BANGKOK – The Bangkok Post has reported data provided by Wikileaks that between 2013 and 2014, Thailand’s’ police and army purchased spyware that would enable them to monitor “hundreds of thousands” of computers and mobile phones within the kingdom, according to a report published Sunday.
The purchases coincide with the country’s military coup of 2014 that saw Thai army chief — and now prime minister — General Prayuth Chan-ocha overthrow the elected government of Yingluck Shinawatra.
The Bangkok Post said Wikileaks released information showing that the Singaporean, Malaysian and Vietnamese governments also bought malware systems from an Italian company named Hacking Team.

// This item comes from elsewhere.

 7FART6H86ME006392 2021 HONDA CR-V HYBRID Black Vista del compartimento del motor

“Once the malware was installed, hackers have control [of devices such as computers and mobile phones] and are able to monitor everything that can happen,” Andrew Smith, a UK-based computer forensics expert, told the Post.

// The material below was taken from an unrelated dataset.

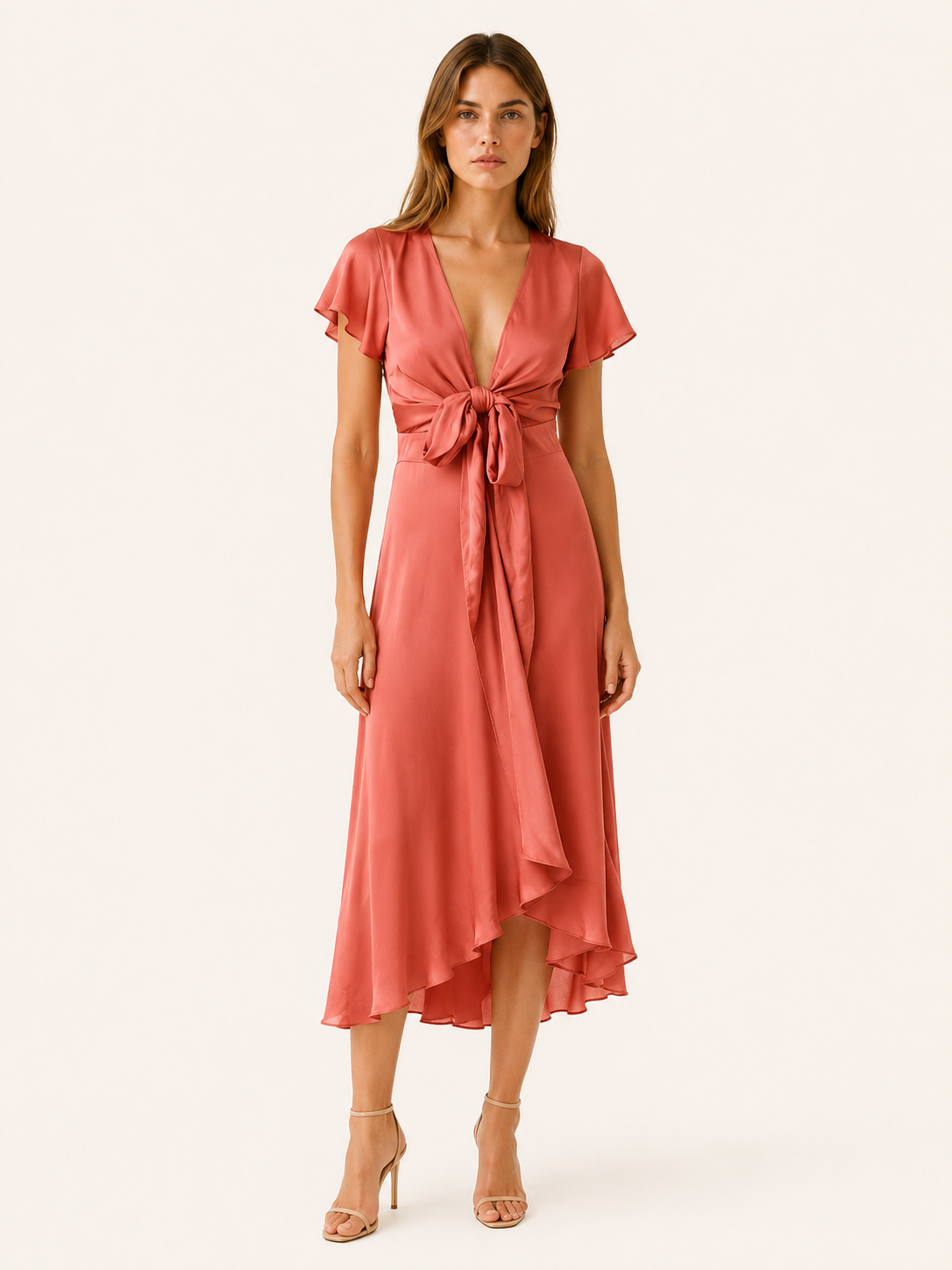 Elyse | Lightweight Summer Midi Dress with Deep V Neck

“If they wanted to, they can take complete control, including being able to delete or plant evidence on a device,” he added.
On July 8, Wikileaks released more than one million searchable emails sent or received by the company, after Hacking Team was itself hacked July 5 and its servers disabled.

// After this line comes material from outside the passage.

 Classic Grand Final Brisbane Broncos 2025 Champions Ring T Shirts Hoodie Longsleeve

The Post reported that the emails reveal that Thai police bought the malware system from the Italian company for $310,000 in 2013, while the Thai army purchased a malware system named Galileo in 2014 for $390,000.
On Sunday, Human Rights Commissioner Niran Pitakwatchara told the Post that the use of such spyware by police or the army would be “a violation of democratic principles”.
“The state does not have the right to threaten the privacy of individuals,” he added. “Thailand needs to be aware that it is at risk of violating the right to privacy and freedom of expression, under the disguise of ‘national security’ concerns.”
Army spokesman Colonel Winthai Suwaree of course told the Bangkok Post that he “was not aware of the purchase”.
Hacking Team advertises its spyware as tools to fight crime and terrorism.
On its website, it says it will refuse to provide or will stop supporting technologies to governments or their agencies it believes have used its technology to facilitate gross human rights abuses.